In most cases, wind is the predominant aspect of weather that most affects a game; but, it is not the only one. In baseball and other outdoor sports, shadows can have an equal affect, especially during early- and late-season baseball afternoon games. Rain or snow isn’t as big of a factor as most people think in football, as it generally affects both the offense and defense equally. An example would be a defensive back against a wide receiver. The rain and snow would slow them down equally, thus giving neither side an edge. Wind can simply eliminate a passing game in football along with kicking. I have seen games where a passing team has been forced to run the ball almost every play due to a strong crosswind. It doesn’t happen often, but on occasion the wind is the ultimate decider of a game.This question was raised and discussed in the forum of my companion site Wizard of Vegas.

What normally happens in craps if a player over-bets the odds multiple in craps, and the dealers don’t notice it until the bet wins or loses?

I asked a former table Vegas game manager about this. He said that the portion of the odds bet over the allowed multiple of the line bet would be paid at place bet odds. This question was raised and discussed in the forum of my companion site Wizard of Vegas.

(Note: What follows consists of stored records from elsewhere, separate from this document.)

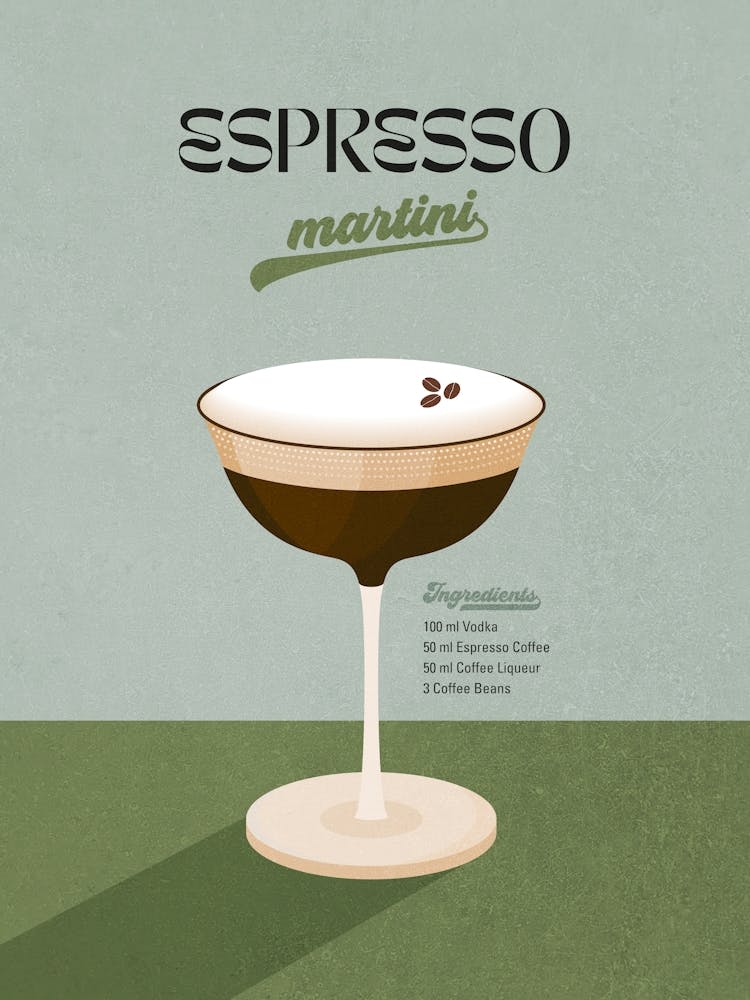 Minimal Espresso Martini Italian Cocktail - retro blue green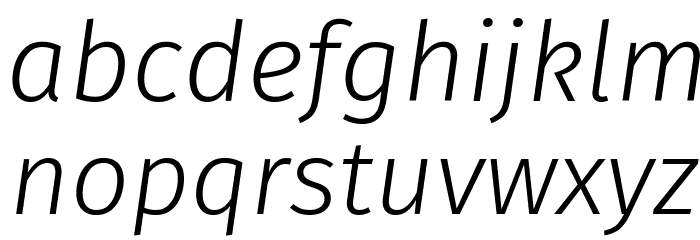 Fira Sans Light Italic Font LOWERCASE
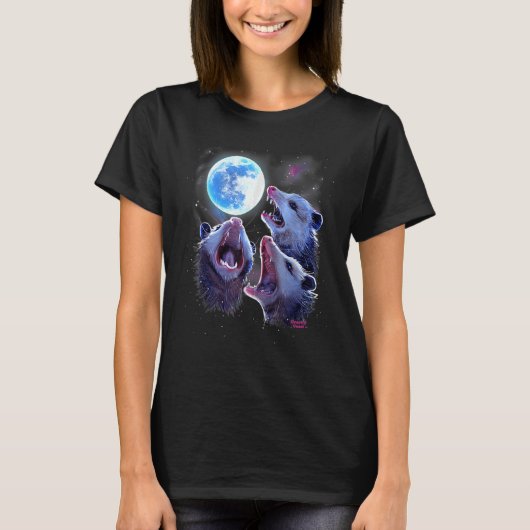Three Opossums Howling At The Moon Possums T-shirt (Voorkant)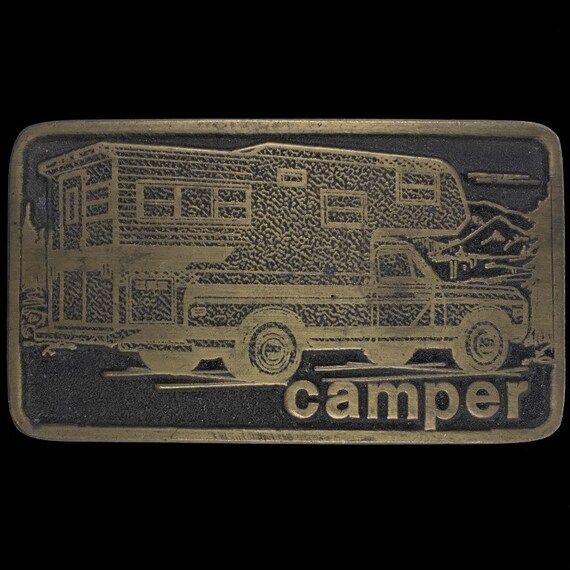 1975 Cabover Camper Rv Ford Pickup Truck Camping Wanderlust Travel Collectible Memorabilia 1970s Nos Vintage Belt Buckle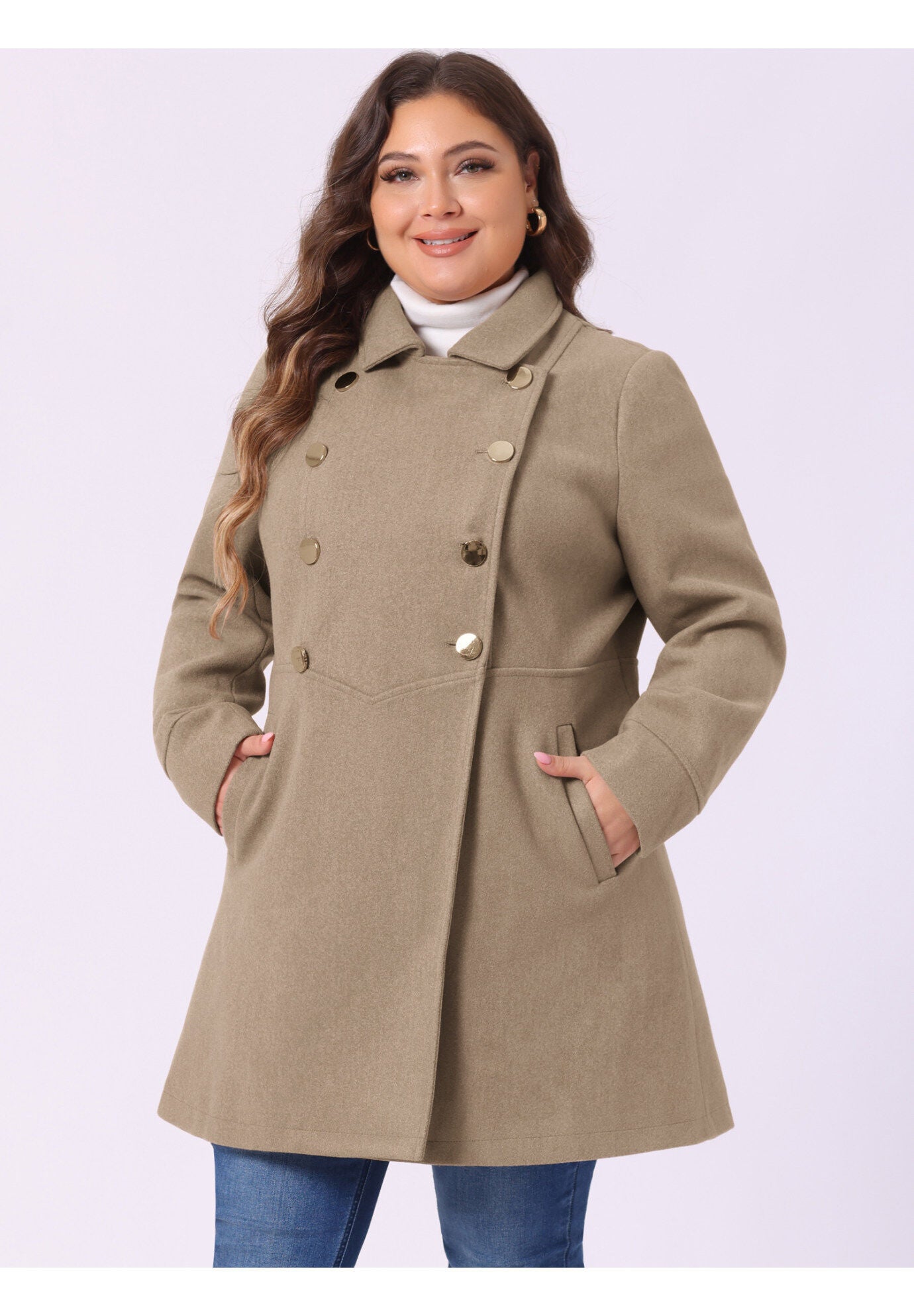 A-Line Peter Pan Collar Double Breasted Peacoat, Light Brown / Brown, alternate image number 1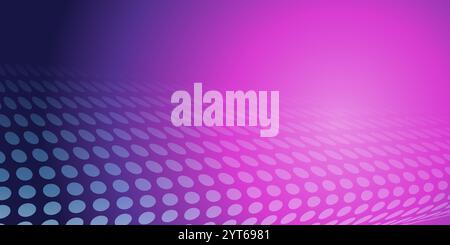 Blue and Purple Wavy Spotted Pattern, 3D Curving Round Transparent Lit Surface - Abstract Futuristic Minimalist Background with Light and Dotted Textu Stock Vector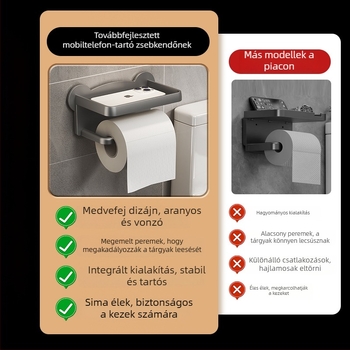 Falihoz szerelhető vécépapírtartó doboz tárolóval, medve alakú, grafit-szürke, PP anyag, modern minimalista stílus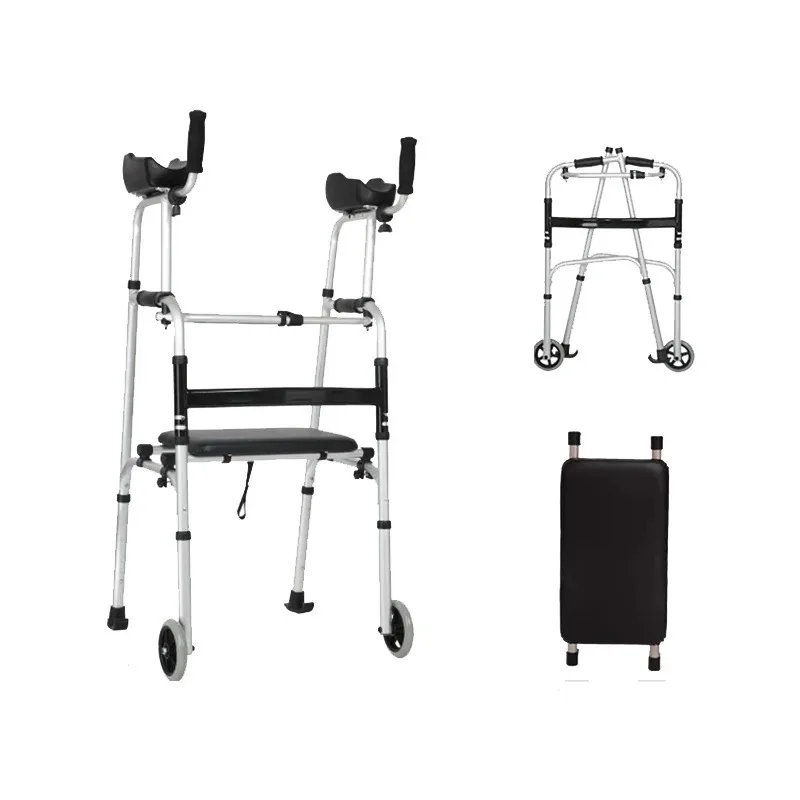 Aluminum Alloy Walking Aid For Elderly Assistance Handcart Foldable Armpit Support Walking Aids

In the NFL, on average, what is the probability after a score that the other team is the next to score?

Based on the 2000-2009 NFL seasons, the answer is 57%.

Consider a truel (a three-way duel) with participants A, B, and C. They are fighting to the death over a woman. They are all gentlemen, and they all agree to the following rules.

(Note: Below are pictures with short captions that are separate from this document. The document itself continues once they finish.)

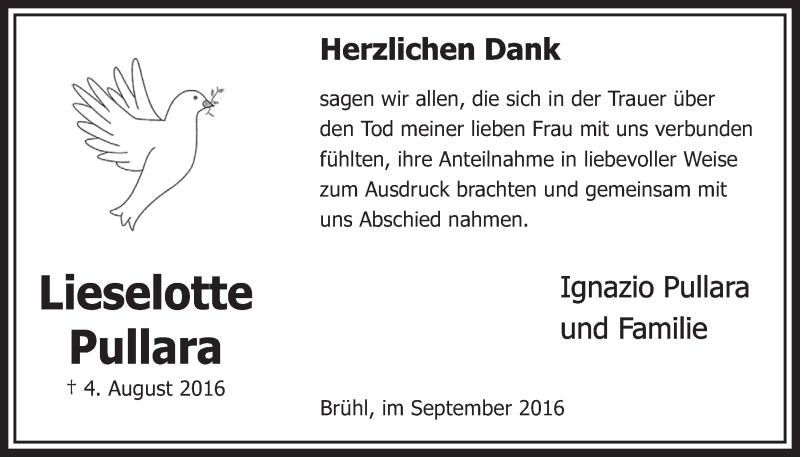 Traueranzeige für Lieselotte Pullara vom 14.09.2016 aus  Schlossbote/Werbekurier 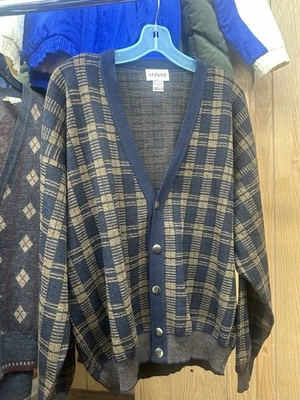 Cárdigan Vintage Alfani Grande Abuelo Suéter Botones Hecho en Italia Azul Marino Foto 1 de 4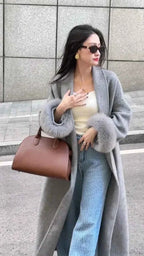 Longline Open-Front Brushed Coat with a Deep V Neckline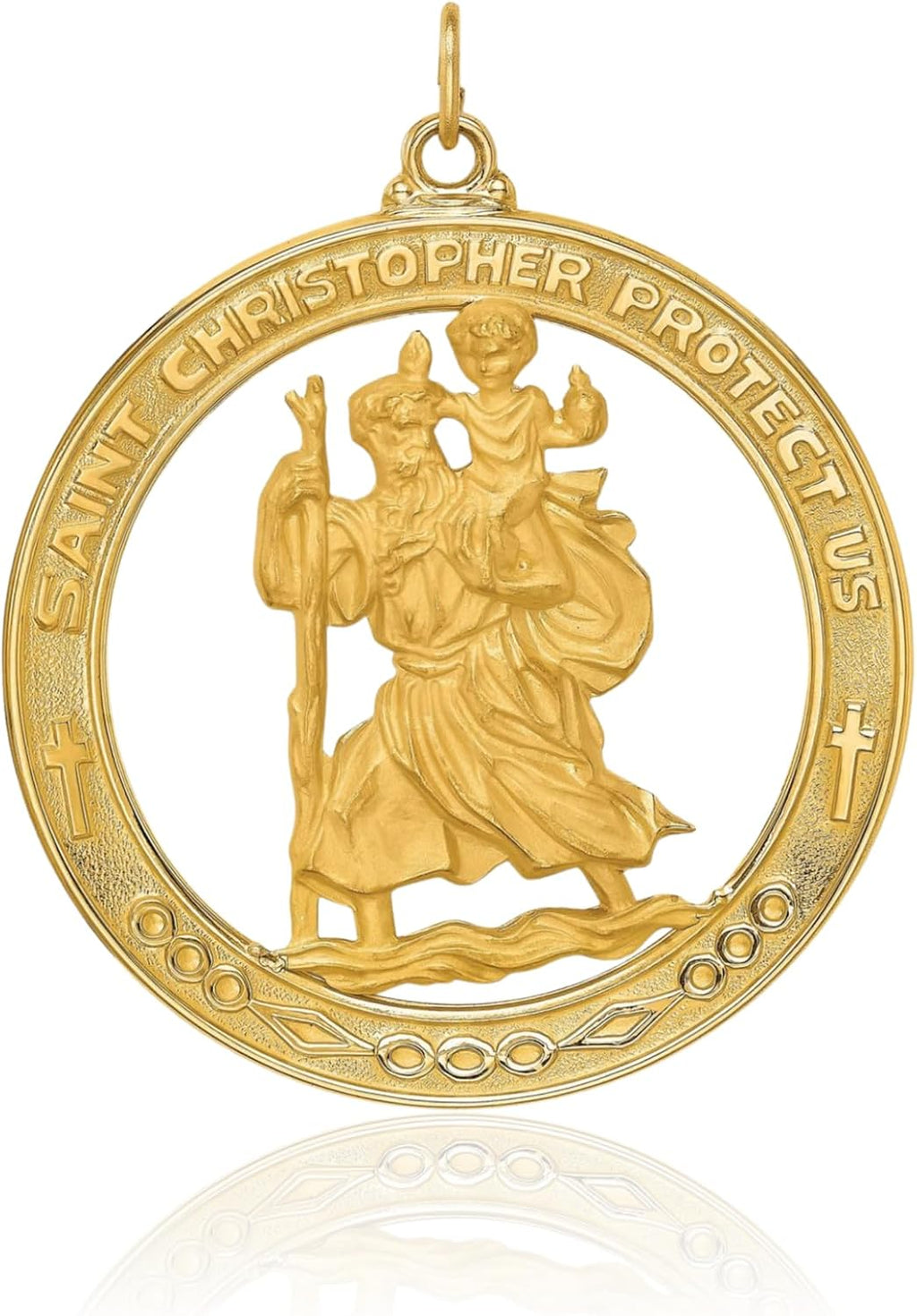 IceCarats 14K Solid Yellow Gold Extra Large Saint Christopher Medal Pendant Necklace 44.75mm 1 3/4 inch Polished, Satin For Her For Him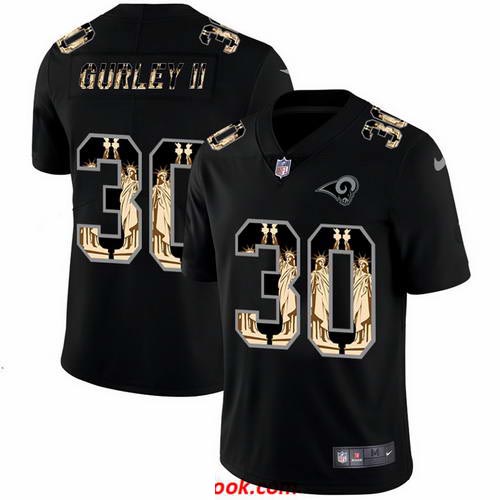 Nike Rams 30 Todd Gurley II Black Statue Of Liberty Limited Jersey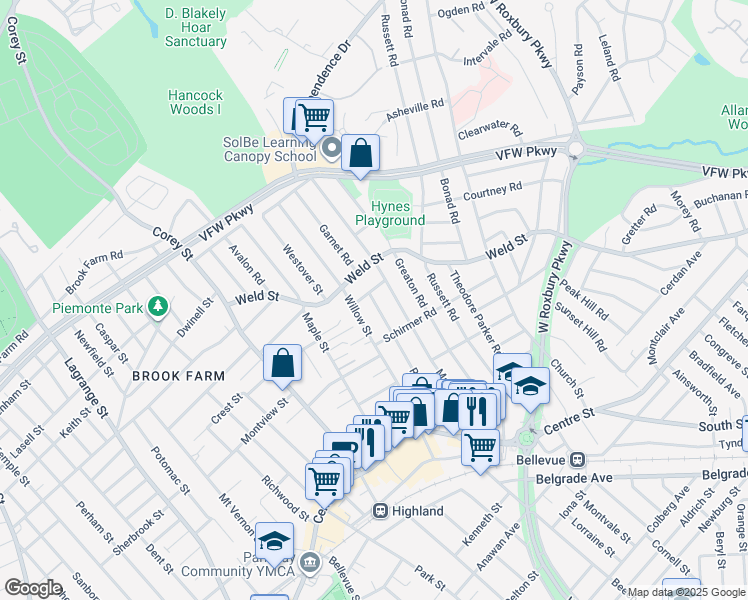 map of restaurants, bars, coffee shops, grocery stores, and more near 126 Redlands Road in Boston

- The three participants form a triangle.
- Each has one bullet only.
- A goes first, then B, and C.
- A’s probability of hitting an intended target is 10%.
- B’s probability of hitting an intended target is 60%.
- C’s probability of hitting an intended target is 90%.
- There are no accidental shootings.
- Shooting in the air (deliberately missing) and shooting yourself is allowed, and are always successful.
- If two or three survivors remain after any round, then each is given a new bullet. They will then repeat taking turns shooting, in the same order, skipping anybody who already died.
- All three participants are perfect logicians.

Who should A aim at initially? What is his probability of survival for each initial target?

This puzzle is discussed on the BBC show Quite Interesting. Scroll down 100 lines for the answer and solution.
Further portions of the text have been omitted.